A man stands on the roof of a building of height 14.9 m and throws a rock with a velocity of magnitude 31.9 m/s at an angle of 25.2 ∘ above the horizontal. You can ignore air resistance.Assume that the rock is thrown from the level of the roof.
Calculate the maximum height above the roof reached by the rock.

Calculate the magnitude of the velocity of the rock just before it strikes the ground.

Calculate the horizontal distance from the base of the building to the point where the rock strikes the ground.

Answer 1

Answer:

(a) 9.402 meters above the roof

(b) Velocity is 31.193 m/s just before hitting the ground

(c) Horizontal distance traveled is 104.2 meters

Explanation:

Let's first find the horizontal and vertical velocity components of the rock when it is thrown. These are:

$V_x=31.9 * Cos(25.2)$

$V_y=31.9*Sin(25.2)$

So we have,

Horizontal velocity = 28.864 m/s

Vertical velocity = 13.582 m/s

Now let's solve the three parts with this information:

(a) To find the maximum height, we need to use the fact that vertical velocity at this point will be zero, as the rock is just about to start falling downward. So we have:

$(V_f)^2 - (V_i)^2 = 2*a*s$

where $V_f$ is the final velocity = 0 m/s

$V_i$ is the initial velocity = 13.582 m/s

and a is the acceleration = -9.81 m/s^2

Solving, we get:

$0^2-13.582^2=2*(-9.81)*s$

s = 9.402 m (distance above roof)

(b) Using the maximum height from (a), we can solve the following equation:

$(V_f)^2 - (V_i)^2 = 2*a*s$

where $V_f$ is the final velocity we need to find,

$V_i$ is the initial velocity = 0 m/s (from maximum height)
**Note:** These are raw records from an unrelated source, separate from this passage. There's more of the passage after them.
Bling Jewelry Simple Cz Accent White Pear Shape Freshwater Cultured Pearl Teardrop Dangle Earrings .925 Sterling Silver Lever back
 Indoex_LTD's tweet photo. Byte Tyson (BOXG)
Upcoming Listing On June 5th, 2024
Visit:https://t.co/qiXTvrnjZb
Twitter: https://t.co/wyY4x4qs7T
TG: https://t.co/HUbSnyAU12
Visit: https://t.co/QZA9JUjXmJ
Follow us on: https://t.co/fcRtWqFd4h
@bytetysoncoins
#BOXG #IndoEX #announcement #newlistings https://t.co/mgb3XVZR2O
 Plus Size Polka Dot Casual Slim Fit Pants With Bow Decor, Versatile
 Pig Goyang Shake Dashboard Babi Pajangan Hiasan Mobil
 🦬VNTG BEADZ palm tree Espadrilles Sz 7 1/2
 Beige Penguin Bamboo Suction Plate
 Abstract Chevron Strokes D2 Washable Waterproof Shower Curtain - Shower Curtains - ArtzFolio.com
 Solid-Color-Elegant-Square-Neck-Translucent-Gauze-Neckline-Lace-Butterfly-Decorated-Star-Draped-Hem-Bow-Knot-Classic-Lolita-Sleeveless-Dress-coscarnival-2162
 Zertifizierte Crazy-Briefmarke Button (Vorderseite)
a is the acceleration = 9.81 m/s^2

and s = 14.9 + 9.402 = 24.302 m

Solving, we get:

$(V_f)^2 - (0)^2 = 2*(9.81)*(24.302)$

$V_f = 21.836$ m/s

As this is just the vertical velocity, to find the total velocity we have:

V = $\sqrt{(V_x)^2+(V_y)^2}$

V = $\sqrt{28.864^2 + 21.836^2}$

V = 36.193 m/s (Total velocity just before it hits the ground)

(c) To solve for this, we need to know the total time for this projectile motion, we can calculate this as follows:

$s=u*t+\frac{1}{2} (a*t^2)$

here, s = -14.9 m

u = 13.582 m/s (initial vertical velocity)

a = - 9.81 m/s^2 (acceleration due to gravity)

Solving, we get:

$-14.9 = 13.582t+0.5(-9.81t^2)$

and get the answers:

t1 = 3.61 s

t2 = -0.84 s

Since t2 isn't possible, our total time is t1 = 3.61 seconds.

Using this and our horizontal velocity, we can find the total distance traveled:

Distance = 28.864 * 3.61

Distance = 104.2 m (horizontal)